Both contend the practice known as civil asset forfeiture has come to represent an overused law enforcement tactic that violates citizens’ private property rights, especially when there’s insufficient evidence of a crime.
The unusual common ground between the two groups — who are opposed on most political issues — brought them together on the same stage Wednesday night as the Charles Koch Institute hosted a forum in Albuquerque to discuss a New Mexico law enacted this year that reins in the ability of police to seize property. They consider the law a national model for reform because it requires authorities to obtain a criminal conviction before allowing officers to seize a person’s property.

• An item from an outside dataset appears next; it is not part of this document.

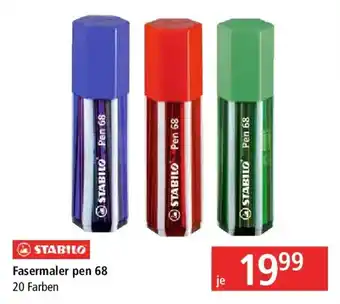 STABILO Fasermaler pen 68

For Koch and his conservative think tank, the spotlight on civil asset forfeiture comes as his Koch Industries makes a broader push to overhaul the criminal justice system and lobby for changes, like legislation that would adjust federal sentencing guidelines and reduce prison populations. Those efforts have aligned Koch — best known with his brother David for pouring hundreds of millions of dollars into backing conservatives and libertarian causes — with rivals on the left who are staunch supporters of President Barack Obama.
“You know something’s a good idea if everyone except law enforcement agencies that are profiting from these programs believes this is a good idea,” said Steven Robert Allen, a policy director for ACLU in New Mexico.

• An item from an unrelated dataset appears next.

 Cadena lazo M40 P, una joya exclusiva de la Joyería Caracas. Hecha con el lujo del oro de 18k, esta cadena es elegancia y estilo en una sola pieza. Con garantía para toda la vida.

New Mexico now has one of the toughest laws in the country in restricting how and when police can take people’s assets during traffic stops. Before it took effect in July, law enforcement could seize items from people without charging or convicting them if they could present convincing evidence the property was related to a crime. The burden of proof was placed on the property owner to have the assets returned.
Similar practices are still the case in most states and under federal law.
In one case several years ago, a 60-year-old man and his grown son sued for the return of $17,000 in cash confiscated during a traffic stop in Albuquerque while en route to Las Vegas. Local police pulled them over in their rental car for an improper lane change and notified U.S. Homeland Security officers, who seized the cash.
Stephen Skinner and his son Jonathan Breasher planned to spend the money during their trip and to help a relative with house repairs. They were never charged with a crime. In 2012, the ACLU of New Mexico reached a settlement with the U.S. government to reclaim the money on behalf of the men.
Now, law enforcement in New Mexico must wait to claim cash and auction off seized assets until prosecutors win a criminal conviction against a defendant. Minnesota and Montana have laws similar to New Mexico’s.
Law enforcement officials defend civil asset forfeiture as a way to weaken lucrative criminal operations while funding crime-fighting efforts by auctioning off assets seized during searches and investigations.
San Juan County Sheriff Ken Christesen in northern New Mexico said his agency never profited from seized items unless a person was convicted of a crime. Still, he believes the new law is costly and flawed — a point with which the New Mexico Sheriffs Association agrees. The measure gives criminals an edge, allowing drug syndicates to build up assets, Christesen said.
“The end result of this is the cartels are going to ramp up their money laundering and cash exchanges in the state of New Mexico tenfold,” he said.
The Charles Koch Institute and the ACLU see it differently, believing the laws violate people’s rights and create mistrust of law enforcement.
In New Mexico, money from property seized during drug busts and investigations provided law enforcement agencies with roughly $24.5 million in spending since 2008, according to the Koch Institute.
“Right now, there’s a real problem of mistrust between communities and law enforcement. There are a lot of reasons for that and I think civil asset forfeiture policies are part of it,” said Vikrant Reddy, a senior researcher at the Charles Koch Institute. “This is an exceptionally dysfunctional aspect of the criminal justice system.”